The Chronicle of Philanthropy estimated recently that donations to Haiti exceeded $709 million, more than 20 times the amount given to 2004 Asian tsunami relief. Much of this was collected through social-networking sites. For example, the American Red Cross raised $12 million via text messages. Besides providing news updates, it also used Facebook, Twitter, Flickr and Youtube to allow people to interact and raise awareness about the ways they could help. Social media also inform people about how the Red Cross has spent donations on food, water, health, through a special page “Disaster Online Newsroom.”

“I remain convinced that mainstream media will soon turn away from the Haiti story and it will be up to social media to report on the long aftermath of the quake,” says Jack Lule, Director of Globalization and Social Change Initiative and a journalism professor at Lehigh University in Bethlehem, Pa. “Multimedia can help deliver news through social media. Multimedia can provide the dramatic pictures, audio and video that bring news stories to life.”

“The earthquake in Haiti showed the world just how many NGOs were already working in Haiti,” Lule says, “These groups labor with little recognition or reward. The earthquake has only served to redouble the efforts and passion of these groups. I firmly believe that the future of Haiti will be tied with these aid and relief organizations -- their work and their ability to communicate about their work through social media.”

“The donations, however, point out another aspect of those media -- their immediacy, Lule added.. “If people are moved by the scenes they see in real life or television, they can pick up their cell phones and immediately make a contribution. Not many years ago, those people would have had to go home, find their checkbook, write a check, get an envelope, address the envelope, stamp the envelope and put it in the mail.
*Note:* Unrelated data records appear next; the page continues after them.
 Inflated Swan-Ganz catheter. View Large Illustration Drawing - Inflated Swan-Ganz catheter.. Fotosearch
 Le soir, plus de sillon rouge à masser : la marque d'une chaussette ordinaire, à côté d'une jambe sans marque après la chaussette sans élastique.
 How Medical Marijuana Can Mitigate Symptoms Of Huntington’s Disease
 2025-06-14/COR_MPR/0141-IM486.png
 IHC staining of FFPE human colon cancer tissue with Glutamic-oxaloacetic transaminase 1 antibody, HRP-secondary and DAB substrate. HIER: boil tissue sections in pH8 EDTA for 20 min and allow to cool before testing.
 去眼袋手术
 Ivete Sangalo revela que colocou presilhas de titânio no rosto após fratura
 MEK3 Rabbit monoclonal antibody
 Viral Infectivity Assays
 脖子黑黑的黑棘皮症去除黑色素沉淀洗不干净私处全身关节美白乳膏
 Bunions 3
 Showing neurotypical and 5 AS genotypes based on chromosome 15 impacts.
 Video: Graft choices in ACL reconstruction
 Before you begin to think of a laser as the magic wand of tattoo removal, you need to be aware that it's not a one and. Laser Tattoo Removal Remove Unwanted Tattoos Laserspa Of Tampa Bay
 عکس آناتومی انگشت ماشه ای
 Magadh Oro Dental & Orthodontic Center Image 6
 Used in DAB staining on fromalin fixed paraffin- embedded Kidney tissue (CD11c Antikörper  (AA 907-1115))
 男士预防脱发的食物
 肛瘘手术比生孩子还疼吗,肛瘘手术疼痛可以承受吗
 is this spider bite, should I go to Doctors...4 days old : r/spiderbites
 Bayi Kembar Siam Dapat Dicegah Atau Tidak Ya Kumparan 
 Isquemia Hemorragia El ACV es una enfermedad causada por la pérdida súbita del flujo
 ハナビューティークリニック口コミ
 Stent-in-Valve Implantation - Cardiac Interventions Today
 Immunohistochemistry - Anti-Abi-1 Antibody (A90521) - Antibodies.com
That laborious process has been reduced to a few touches to a phone pad,” he said.

What’s next for multimedia coverage of future stories as huge as the Haiti earthquake?

Says Tracy Boyer, an award-winning multimedia producer at The University of North Carolina, specializing in interactive Web development and multimedia storytelling, “We need to start thinking about designing multimedia for multiple end products, depending on if our users are coming to our site via the traditional computer screen, or using more recent technologies such as the iPhone and iPad. Currently, the largest issue is the limitation in Flash due to the incompatibility of this software with multiple end products. Additional interactive and customizable features such as user-submission tools, social media sharing options and other filtering/exporting tools also greatly elevate a multimedia presentation.”